*** SUPPLIED DATA Section Begins ***

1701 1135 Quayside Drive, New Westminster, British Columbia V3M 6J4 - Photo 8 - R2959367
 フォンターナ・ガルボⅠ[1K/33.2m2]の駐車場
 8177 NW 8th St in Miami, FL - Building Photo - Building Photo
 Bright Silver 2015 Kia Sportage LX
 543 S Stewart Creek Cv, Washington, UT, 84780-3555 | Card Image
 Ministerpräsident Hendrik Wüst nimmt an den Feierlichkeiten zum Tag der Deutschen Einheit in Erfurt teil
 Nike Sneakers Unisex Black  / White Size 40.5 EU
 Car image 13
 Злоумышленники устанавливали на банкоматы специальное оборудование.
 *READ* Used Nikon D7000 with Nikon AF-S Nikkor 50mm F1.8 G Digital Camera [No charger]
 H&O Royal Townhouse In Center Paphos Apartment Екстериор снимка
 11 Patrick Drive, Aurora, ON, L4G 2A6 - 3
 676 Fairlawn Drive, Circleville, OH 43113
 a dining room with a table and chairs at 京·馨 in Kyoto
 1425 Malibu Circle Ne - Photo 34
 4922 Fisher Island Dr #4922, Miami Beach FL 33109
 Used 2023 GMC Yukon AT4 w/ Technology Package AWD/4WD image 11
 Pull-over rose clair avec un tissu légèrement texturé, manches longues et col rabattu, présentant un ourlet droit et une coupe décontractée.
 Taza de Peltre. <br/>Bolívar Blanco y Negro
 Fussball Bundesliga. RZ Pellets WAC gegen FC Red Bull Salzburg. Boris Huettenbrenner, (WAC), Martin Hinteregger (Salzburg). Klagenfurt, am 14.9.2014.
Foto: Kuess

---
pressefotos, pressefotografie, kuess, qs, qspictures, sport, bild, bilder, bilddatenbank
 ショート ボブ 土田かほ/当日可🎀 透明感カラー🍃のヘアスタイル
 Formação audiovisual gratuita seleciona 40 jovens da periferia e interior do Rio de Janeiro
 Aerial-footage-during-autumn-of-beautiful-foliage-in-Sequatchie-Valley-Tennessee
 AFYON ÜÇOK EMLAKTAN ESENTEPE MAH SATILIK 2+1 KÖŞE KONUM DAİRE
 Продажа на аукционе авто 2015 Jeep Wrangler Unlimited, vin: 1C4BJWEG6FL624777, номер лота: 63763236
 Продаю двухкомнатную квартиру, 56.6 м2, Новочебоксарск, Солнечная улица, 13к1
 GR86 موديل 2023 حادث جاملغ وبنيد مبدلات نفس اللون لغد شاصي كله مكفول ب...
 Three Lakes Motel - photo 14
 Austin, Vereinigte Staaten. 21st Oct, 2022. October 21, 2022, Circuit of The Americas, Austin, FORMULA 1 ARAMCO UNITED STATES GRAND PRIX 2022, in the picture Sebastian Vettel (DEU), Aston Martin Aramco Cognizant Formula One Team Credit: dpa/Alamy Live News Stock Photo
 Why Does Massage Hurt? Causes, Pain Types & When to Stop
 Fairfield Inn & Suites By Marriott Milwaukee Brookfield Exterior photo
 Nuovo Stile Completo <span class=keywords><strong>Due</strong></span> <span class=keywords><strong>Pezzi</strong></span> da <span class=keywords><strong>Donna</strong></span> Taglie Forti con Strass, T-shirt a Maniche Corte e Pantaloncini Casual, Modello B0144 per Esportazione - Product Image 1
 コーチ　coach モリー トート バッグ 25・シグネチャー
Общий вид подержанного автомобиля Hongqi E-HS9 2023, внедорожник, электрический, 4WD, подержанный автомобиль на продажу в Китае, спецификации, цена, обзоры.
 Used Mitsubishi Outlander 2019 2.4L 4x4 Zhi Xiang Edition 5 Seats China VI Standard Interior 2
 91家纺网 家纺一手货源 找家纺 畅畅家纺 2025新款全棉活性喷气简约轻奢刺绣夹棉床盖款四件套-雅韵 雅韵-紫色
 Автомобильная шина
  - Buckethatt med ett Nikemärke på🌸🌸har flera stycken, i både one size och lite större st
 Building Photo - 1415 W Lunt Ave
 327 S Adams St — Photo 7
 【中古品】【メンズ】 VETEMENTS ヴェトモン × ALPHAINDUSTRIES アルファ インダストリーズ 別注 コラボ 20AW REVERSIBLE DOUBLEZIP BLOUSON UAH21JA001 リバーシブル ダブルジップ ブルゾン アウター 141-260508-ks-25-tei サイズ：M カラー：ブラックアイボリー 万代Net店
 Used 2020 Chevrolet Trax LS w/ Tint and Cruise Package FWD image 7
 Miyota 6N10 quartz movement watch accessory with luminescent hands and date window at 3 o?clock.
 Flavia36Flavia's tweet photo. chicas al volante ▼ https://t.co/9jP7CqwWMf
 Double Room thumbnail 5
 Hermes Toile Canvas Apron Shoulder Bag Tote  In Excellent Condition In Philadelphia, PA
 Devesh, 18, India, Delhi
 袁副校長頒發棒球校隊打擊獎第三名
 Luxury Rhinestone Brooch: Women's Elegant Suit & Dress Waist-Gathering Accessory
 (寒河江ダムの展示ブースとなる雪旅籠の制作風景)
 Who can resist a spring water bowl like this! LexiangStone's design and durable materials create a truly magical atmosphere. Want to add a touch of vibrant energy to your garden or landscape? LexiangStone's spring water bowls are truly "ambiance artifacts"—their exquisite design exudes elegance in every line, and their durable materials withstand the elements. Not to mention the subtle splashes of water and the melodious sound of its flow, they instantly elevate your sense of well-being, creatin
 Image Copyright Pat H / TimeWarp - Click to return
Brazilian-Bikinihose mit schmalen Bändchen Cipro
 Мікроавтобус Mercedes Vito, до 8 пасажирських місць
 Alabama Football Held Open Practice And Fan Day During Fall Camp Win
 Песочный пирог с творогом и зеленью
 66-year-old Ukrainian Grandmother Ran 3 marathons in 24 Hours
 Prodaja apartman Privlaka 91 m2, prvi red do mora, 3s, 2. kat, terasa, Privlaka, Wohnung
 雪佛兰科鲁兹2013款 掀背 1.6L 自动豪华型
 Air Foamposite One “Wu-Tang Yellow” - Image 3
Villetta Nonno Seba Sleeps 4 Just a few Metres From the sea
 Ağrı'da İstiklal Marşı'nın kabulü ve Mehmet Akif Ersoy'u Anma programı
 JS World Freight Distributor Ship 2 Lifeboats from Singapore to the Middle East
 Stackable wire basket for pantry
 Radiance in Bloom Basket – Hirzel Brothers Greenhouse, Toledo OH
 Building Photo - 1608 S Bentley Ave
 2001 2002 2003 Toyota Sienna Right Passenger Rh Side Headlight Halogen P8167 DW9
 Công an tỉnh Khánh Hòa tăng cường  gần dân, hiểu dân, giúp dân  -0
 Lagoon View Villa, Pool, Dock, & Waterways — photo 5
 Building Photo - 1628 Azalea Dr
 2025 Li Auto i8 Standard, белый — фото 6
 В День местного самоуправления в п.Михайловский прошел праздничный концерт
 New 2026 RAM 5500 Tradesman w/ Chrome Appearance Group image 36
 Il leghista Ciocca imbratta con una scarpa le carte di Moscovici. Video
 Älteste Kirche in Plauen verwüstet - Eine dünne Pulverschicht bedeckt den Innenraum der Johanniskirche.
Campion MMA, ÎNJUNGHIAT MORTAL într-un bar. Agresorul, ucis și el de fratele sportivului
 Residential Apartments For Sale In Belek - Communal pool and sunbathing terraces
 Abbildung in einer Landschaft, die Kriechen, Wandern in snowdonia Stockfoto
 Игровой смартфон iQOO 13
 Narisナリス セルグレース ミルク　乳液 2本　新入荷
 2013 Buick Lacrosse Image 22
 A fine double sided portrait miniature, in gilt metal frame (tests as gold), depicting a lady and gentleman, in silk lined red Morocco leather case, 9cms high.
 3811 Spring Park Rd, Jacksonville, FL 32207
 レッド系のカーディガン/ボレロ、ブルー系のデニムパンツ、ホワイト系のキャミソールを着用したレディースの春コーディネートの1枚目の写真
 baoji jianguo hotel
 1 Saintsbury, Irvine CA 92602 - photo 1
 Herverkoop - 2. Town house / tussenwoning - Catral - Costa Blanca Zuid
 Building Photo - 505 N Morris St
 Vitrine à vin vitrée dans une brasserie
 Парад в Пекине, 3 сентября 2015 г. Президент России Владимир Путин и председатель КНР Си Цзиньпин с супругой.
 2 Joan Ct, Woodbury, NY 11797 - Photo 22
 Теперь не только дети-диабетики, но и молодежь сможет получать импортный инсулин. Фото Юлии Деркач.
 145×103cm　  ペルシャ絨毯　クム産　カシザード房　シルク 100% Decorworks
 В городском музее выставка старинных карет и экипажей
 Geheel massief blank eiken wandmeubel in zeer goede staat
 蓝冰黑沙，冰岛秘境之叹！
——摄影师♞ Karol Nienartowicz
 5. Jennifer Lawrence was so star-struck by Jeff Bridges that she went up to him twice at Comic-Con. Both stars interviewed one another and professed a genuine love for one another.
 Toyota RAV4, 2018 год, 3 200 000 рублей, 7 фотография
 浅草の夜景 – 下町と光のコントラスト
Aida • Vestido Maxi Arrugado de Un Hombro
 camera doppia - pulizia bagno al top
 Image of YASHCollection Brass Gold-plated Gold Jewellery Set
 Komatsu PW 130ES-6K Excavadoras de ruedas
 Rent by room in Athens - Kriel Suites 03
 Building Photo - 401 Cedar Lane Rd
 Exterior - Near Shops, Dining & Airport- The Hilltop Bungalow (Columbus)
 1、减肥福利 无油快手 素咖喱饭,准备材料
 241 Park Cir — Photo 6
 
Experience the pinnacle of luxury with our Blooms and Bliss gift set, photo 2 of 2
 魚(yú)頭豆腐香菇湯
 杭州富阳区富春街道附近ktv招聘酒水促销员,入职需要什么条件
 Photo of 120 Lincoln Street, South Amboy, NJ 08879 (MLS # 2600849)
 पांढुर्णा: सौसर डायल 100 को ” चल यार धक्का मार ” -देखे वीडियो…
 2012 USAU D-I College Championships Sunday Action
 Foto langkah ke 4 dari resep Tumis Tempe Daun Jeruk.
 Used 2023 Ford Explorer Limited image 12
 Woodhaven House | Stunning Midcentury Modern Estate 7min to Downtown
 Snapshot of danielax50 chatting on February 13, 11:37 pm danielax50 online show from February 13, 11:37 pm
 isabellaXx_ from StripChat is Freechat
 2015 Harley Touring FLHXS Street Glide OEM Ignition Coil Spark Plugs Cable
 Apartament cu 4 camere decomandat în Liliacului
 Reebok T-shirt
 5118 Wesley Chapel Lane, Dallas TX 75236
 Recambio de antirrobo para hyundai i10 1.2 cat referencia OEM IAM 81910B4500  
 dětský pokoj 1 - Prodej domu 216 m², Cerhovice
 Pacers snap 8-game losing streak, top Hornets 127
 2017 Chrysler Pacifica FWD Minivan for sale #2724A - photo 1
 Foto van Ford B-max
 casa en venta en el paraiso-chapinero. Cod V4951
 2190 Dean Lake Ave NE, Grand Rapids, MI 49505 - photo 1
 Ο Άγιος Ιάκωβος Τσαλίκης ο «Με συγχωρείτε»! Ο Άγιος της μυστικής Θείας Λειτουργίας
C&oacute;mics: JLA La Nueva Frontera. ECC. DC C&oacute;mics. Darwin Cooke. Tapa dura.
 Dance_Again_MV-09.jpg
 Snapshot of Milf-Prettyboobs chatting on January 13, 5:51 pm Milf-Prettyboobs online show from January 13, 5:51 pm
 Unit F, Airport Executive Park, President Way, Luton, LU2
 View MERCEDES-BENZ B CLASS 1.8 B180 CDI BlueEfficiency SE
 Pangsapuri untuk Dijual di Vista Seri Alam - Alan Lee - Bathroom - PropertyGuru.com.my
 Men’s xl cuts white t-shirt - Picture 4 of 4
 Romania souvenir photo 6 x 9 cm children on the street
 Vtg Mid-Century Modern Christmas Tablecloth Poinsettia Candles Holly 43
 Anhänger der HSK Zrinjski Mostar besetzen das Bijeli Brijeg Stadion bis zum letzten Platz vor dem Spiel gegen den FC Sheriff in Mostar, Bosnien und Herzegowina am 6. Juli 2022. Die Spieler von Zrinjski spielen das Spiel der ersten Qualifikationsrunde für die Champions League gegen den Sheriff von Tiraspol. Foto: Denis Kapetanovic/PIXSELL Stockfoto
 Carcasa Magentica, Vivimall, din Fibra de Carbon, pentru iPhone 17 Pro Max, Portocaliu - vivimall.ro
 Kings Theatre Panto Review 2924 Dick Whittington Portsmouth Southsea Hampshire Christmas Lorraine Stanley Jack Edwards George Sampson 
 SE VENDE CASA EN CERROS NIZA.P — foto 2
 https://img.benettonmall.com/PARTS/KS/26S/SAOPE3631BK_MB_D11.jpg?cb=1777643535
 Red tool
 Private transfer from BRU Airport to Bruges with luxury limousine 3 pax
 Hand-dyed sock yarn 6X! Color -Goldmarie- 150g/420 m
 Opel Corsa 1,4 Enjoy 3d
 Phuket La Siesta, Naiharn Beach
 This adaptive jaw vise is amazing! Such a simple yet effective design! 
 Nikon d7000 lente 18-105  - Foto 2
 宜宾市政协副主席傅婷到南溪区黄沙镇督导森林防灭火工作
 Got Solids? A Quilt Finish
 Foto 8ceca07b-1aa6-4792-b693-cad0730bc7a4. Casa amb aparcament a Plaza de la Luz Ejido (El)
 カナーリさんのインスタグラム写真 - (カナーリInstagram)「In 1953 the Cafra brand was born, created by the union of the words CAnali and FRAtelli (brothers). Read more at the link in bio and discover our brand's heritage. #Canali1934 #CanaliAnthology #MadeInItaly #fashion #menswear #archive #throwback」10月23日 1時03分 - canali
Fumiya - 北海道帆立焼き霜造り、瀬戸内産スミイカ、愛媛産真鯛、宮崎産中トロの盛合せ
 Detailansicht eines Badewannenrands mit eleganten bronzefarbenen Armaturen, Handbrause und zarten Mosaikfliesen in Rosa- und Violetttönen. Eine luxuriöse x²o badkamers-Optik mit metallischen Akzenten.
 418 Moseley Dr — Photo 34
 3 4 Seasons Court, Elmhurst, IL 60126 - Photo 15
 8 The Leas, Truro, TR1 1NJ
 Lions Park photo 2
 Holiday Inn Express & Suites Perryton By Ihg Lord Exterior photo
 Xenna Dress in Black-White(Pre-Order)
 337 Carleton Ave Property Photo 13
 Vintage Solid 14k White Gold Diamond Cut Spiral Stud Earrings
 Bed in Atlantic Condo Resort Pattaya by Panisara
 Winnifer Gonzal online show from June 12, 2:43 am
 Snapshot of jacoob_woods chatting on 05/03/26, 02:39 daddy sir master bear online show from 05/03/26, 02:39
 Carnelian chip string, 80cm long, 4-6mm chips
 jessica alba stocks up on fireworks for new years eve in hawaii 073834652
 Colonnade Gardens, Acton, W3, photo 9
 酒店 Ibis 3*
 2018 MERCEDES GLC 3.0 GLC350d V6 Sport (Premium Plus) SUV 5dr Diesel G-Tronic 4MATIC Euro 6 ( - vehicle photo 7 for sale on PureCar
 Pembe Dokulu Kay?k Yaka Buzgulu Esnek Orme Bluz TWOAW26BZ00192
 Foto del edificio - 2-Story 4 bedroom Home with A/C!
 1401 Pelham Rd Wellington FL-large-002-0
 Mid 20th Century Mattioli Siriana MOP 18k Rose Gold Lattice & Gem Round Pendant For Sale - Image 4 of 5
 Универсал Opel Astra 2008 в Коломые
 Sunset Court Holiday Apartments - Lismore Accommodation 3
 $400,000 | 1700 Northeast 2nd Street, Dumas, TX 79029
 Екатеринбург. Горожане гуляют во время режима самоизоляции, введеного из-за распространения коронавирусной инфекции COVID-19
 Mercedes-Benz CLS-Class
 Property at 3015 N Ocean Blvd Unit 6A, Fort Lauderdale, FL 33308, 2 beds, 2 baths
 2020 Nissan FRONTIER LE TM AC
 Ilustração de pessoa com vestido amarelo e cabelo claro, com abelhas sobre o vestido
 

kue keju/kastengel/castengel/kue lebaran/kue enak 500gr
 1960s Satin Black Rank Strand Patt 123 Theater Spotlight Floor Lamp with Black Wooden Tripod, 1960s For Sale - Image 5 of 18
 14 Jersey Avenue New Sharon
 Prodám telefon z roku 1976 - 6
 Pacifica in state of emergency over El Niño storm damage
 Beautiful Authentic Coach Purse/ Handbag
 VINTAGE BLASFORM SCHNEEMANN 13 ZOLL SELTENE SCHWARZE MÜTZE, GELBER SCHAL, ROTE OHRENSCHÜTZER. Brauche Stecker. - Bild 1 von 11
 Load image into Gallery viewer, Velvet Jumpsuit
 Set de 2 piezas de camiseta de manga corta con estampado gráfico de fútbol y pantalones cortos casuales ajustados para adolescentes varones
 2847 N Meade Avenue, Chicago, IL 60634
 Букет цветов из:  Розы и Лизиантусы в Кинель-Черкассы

*** SUPPLIED DATA Section Ends ***

» REQUIRED ACTION: Pick each line holding the word "Pacifica" out of the data and copy it.

» PROBLEM SOLUTION:
 2017 Chrysler Pacifica FWD Minivan for sale #2724A - photo 1
 Pacifica in state of emergency over El Niño storm damage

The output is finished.